Prague – In a comprehensible yet colorful manner, the art historian Václav Vilém Štech was able to bring visual art closer to students at AVU, as well as to readers and listeners of the radio. Štech, who passed away on June 24, 1974, particularly focused on the study of Prague and Czech Baroque, but also authored several publications on modern Czech and world art. After February 1948, he tried to prevent at least the worst cultural barbarism – for instance, he advocated that the decoration of the foyer at the National Theatre not be entrusted to a "socialist realist artist," but to Vincenc Beneš.
Václav Vilém Štech was born on March 31, 1885, in Slaný. From 1904 to 1910, he studied art history and aesthetics at Charles University, briefly studying at the Humboldt University in Berlin and at the Sorbonne in Paris. From 1910, he worked for eight years as a professional assistant to the director of the Museum of the Capital City of Prague, where he expanded the acquisition plan to include Pragensia and 19th-century art. In 1925, he became a professor at the Prague School of Applied Arts, and from 1930 to 1958, he taught art history at the Academy of Fine Arts (except for three years during the occupation when he was imprisoned in Buchenwald).
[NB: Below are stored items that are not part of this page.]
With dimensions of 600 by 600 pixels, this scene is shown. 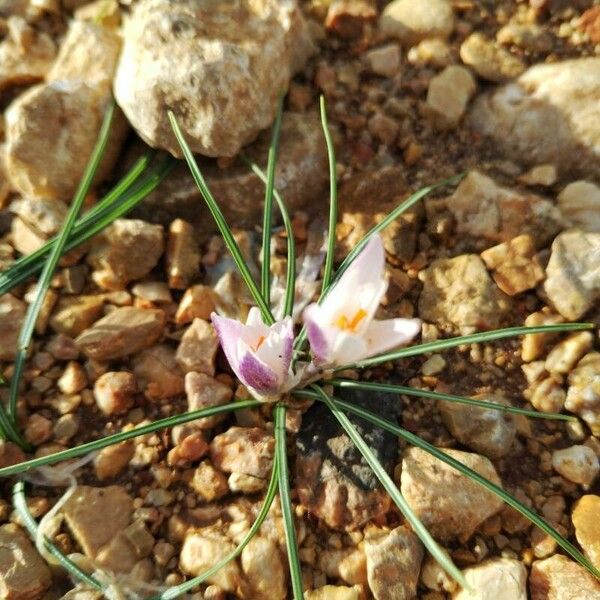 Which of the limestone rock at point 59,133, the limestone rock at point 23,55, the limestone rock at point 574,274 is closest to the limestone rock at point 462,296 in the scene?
the limestone rock at point 574,274

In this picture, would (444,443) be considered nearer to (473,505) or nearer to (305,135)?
(473,505)

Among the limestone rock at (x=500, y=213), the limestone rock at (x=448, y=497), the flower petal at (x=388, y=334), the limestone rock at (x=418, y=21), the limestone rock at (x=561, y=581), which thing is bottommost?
the limestone rock at (x=561, y=581)

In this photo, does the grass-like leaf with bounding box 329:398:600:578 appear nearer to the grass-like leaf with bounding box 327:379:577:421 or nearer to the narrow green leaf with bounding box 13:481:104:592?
the grass-like leaf with bounding box 327:379:577:421

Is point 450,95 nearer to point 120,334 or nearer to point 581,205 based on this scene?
point 581,205

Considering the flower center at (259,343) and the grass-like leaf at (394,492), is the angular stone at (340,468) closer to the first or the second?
the grass-like leaf at (394,492)

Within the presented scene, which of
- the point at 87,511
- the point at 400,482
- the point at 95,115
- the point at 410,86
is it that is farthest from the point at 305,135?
the point at 87,511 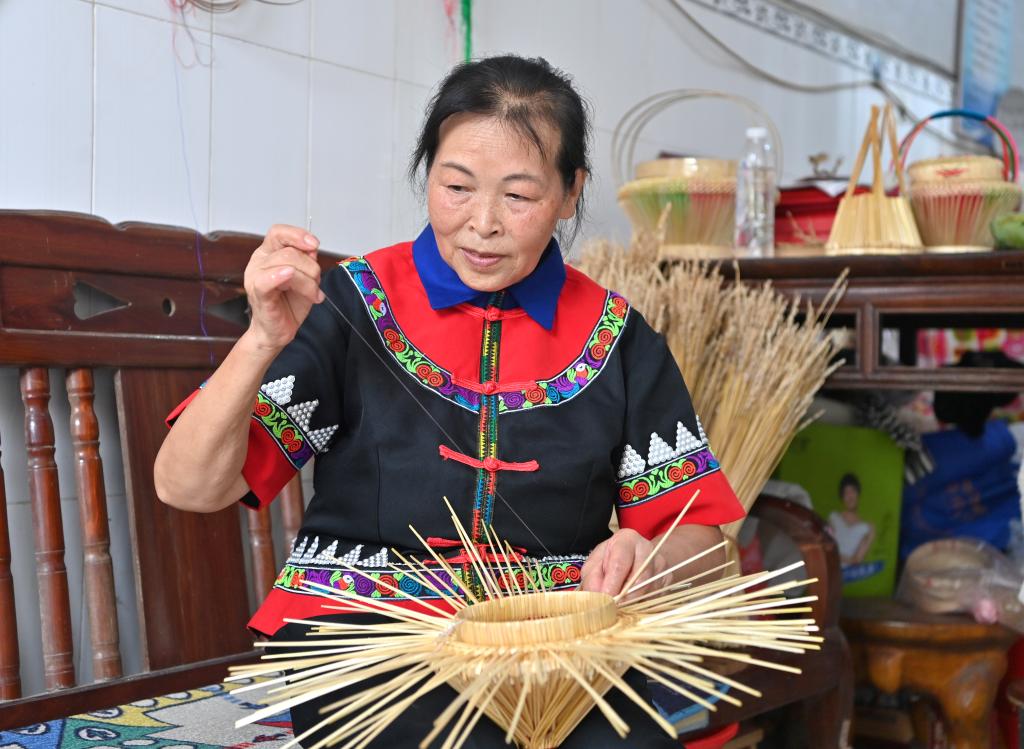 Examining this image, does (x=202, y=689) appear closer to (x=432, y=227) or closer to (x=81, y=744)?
(x=81, y=744)

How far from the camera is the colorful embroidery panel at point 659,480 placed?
158 centimetres

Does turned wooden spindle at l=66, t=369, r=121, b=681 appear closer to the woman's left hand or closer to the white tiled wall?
the white tiled wall

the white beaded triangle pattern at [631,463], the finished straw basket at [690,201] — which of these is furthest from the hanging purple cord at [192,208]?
the finished straw basket at [690,201]

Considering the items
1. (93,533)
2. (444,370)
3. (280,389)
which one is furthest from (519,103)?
(93,533)

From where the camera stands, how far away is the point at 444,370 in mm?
1516

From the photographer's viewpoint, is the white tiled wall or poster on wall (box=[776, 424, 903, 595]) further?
poster on wall (box=[776, 424, 903, 595])

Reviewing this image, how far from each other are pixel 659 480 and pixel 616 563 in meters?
0.32

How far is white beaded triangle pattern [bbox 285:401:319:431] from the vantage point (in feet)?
4.68

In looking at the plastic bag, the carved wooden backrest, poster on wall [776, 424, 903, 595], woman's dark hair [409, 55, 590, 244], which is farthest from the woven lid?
the carved wooden backrest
Among his more well-known works are Prague House Signs, Sculptors of Prague Baroque, Michelangelo, Italian Renaissance Sculpture, Rembrandt, and works on Mikoláš Alš and Antonín Slavíček. He also delved into art theory (On the Expression of Visual Form and Under the Surface of Shapes). He documented his memories in the books In a Foggy Mirror and Behind the Fence of Home.